@thedog What the neural network CAN SEE (encoded in the 48-channel tensor):
Feature
Channel
How Encoded
Territory PU values
25
Production value normalized (0-1, max 10)
Victory Cities
26
Binary flag
Capitals
28
Binary flag
Factories
30
Binary "has factory" flag
Factory damage
29
Damage level normalized
So the network sees all this information, but here's the philosophical difference from TripleA's built-in AI:
TripleA's AI: Has explicit targeting heuristics ("prioritize capitals → VCs → factories → high-PU territories")
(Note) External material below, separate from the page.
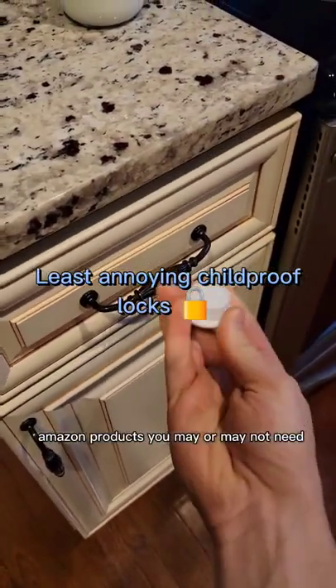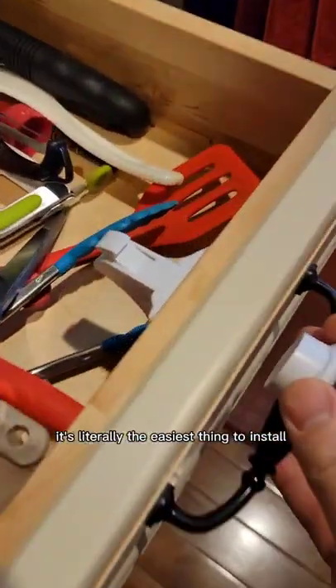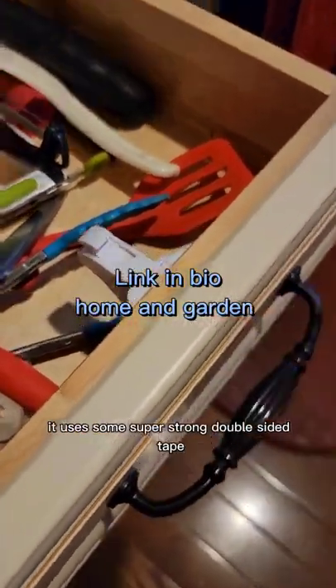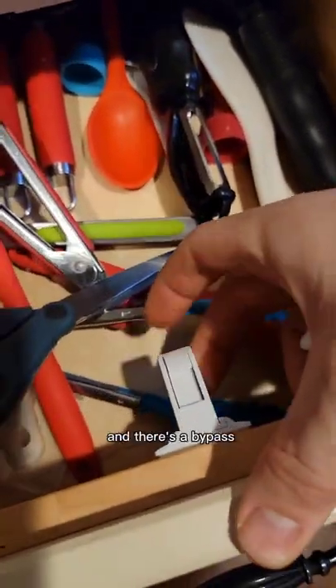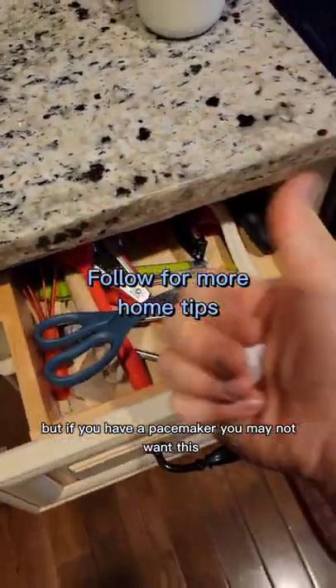Amazon products you may or may not need. I found these magnetic child-proof locks that are great for your kitchen cabinet. It's literally the easiest thing to install. It uses some super strong double-sided tape and there's a bypass that you can use when the kids are not around, but if you have a pacemaker you may not want this.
COLOSSUS: Has NO explicit targeting. It must discover through self-play that these things matter based on:
Win condition: Victory City count (9/10/12 VCs) or capital capture
Reward shaping: IPC advantage as a tie-breaker (which reflects total controlled PU)
The theory is that after enough training games, the network should learn:
"Capturing Moscow gives me all their IPCs" → value capitals
"Controlling more VCs wins games" → value VCs
"High-PU territories increase my IPC advantage" → value territory production
"Factories let me place units there" → value factories (implicitly)
The question is: Has training progressed far enough for this learning to emerge? Or does it need explicit reward shaping for intermediate strategic objectives?
So it's an alpha go style. Should work used low luck instead of pure dice.
It may not work out however!